Below are some entries. Transcribe the lines from the one holding "Usado Tesla Model" to the one holding "2026 Summit White", inclusive, but not the pictures among them.
-------- Material shown
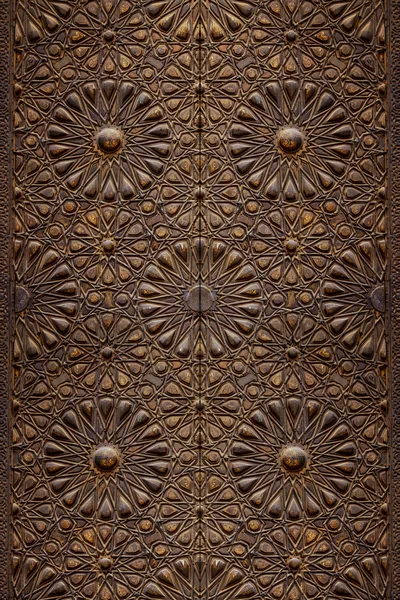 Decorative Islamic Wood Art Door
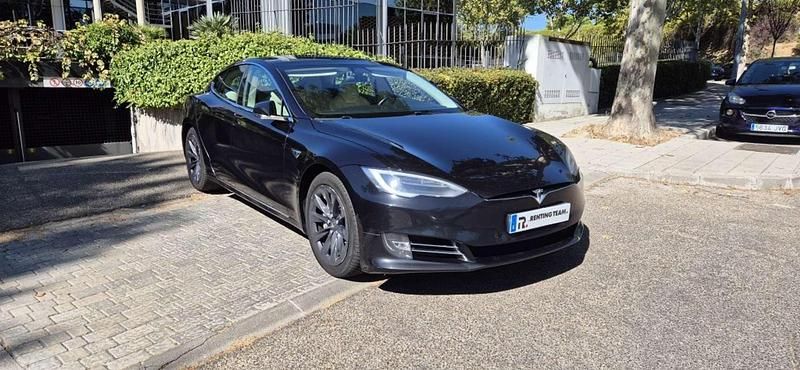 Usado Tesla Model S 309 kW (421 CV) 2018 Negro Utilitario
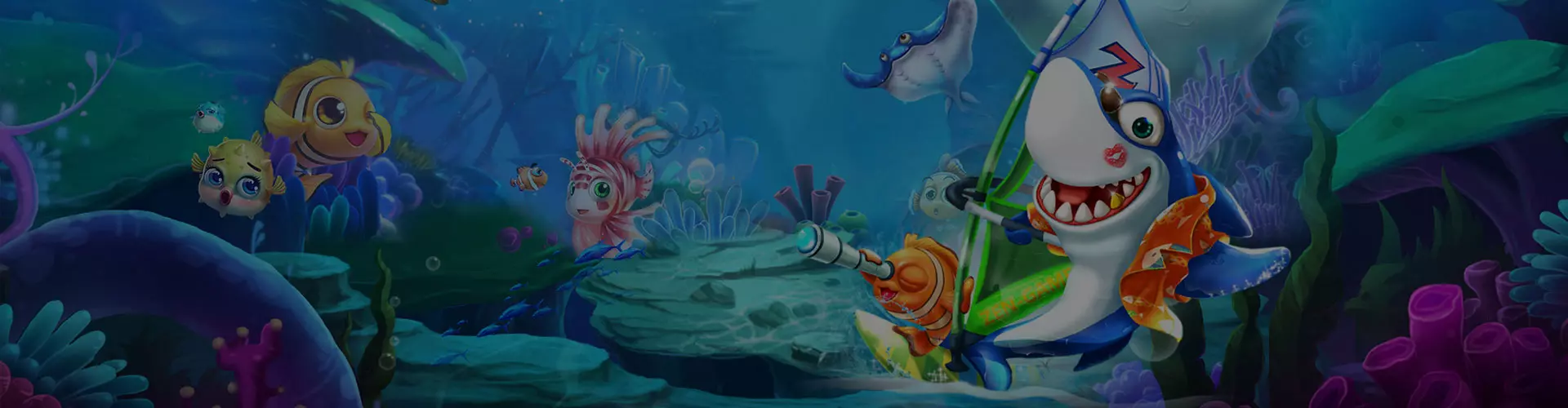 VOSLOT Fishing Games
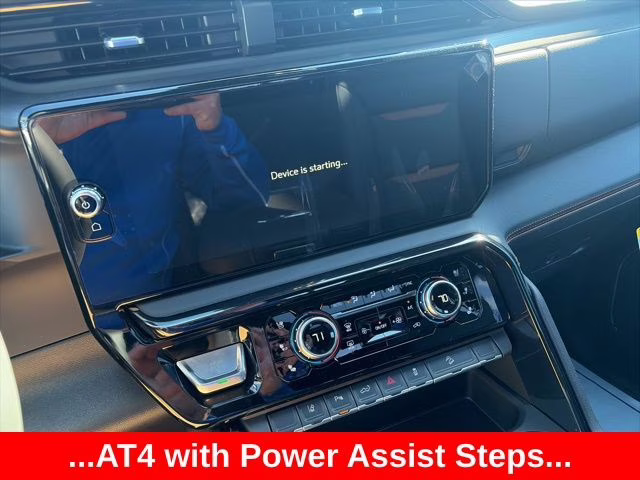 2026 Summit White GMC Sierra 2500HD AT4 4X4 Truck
----------------
-------- Material shown
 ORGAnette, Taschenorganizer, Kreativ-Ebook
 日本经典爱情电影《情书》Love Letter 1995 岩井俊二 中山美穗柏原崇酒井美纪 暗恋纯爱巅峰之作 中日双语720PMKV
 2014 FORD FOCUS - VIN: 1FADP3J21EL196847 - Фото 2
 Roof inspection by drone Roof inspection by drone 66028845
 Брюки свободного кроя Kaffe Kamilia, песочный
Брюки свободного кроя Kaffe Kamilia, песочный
----------------
→ **Result for this exercise**
 Usado Tesla Model S 309 kW (421 CV) 2018 Negro Utilitario
 VOSLOT Fishing Games
 2026 Summit White GMC Sierra 2500HD AT4 4X4 Truck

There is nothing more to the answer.